▶ [WORK TASK] Only one stretch of the listing below is wanted. Give it again exactly, from the line with "Secretaria abre matrículas" through the line with "Vaessen asustó a".

▶ [EXCERPTED DATA]
_ _ _ _

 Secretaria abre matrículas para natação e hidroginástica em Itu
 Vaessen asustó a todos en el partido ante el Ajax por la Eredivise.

_ _ _ _

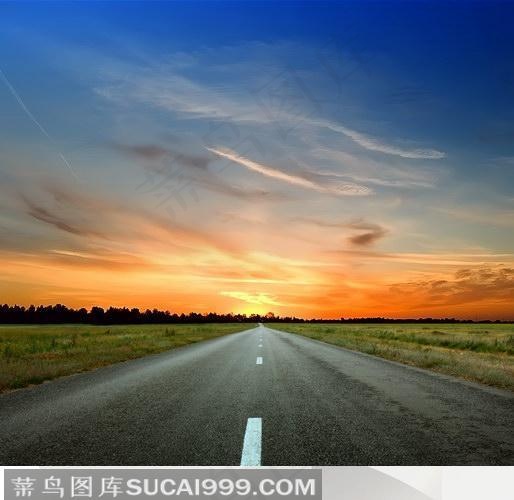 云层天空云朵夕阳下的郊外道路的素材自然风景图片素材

_ _ _ _

▶ [EXERCISE SOLUTION]
 Secretaria abre matrículas para natação e hidroginástica em Itu
 Vaessen asustó a todos en el partido ante el Ajax por la Eredivise.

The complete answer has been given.